JEN: Oh, good timing.

MIKE: Yeah. So I’m like isolated and just like furiously studying and losing my mind just having such fundamental beliefs that I’d been ingrained in my whole life starting to change in substantial ways. And I’m being validated and affirmed and humanized in the process. And so it was really healing and so painful, like a lot of trauma tears just kept emerging out of nowhere, just like an intense grieving process of how long I had subjected myself to these horrible beliefs that stole years of my own psychological well-being and sexual development and social progress. I could not participate in those things because these beliefs were choking the life out of me. And I’m finally for the first time, at 32, discovering that these beliefs are not valid. They’re not true. They’re not substantial.
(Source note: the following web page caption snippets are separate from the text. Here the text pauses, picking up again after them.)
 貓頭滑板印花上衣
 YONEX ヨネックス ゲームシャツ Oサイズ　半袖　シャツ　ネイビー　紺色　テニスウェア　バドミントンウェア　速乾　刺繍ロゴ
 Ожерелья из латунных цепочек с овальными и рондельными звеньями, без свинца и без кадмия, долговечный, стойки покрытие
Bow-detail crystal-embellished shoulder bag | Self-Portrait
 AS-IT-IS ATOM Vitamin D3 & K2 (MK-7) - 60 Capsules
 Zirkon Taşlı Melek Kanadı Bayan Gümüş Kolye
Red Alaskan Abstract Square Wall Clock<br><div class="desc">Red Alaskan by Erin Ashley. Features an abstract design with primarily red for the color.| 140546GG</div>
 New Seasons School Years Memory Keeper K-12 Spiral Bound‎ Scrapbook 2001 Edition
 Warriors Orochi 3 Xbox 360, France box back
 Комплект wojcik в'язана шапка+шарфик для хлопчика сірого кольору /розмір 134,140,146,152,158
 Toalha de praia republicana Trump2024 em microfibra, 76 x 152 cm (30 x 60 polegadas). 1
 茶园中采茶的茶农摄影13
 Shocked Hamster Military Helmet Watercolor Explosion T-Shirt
Substantiated by scripture. This is bigoted. This is propaganda. This is not true. So on a theological level, after about nine months of this, it clicked. And I was like, “There is not a single argument about scripture condemning LGBTQ+ people. This is about other stuff every time.” Fully convinced in an evangelical mindset that we were wrong.

JEN: Yeah.

MIKE: So that was like a huge turning point for me.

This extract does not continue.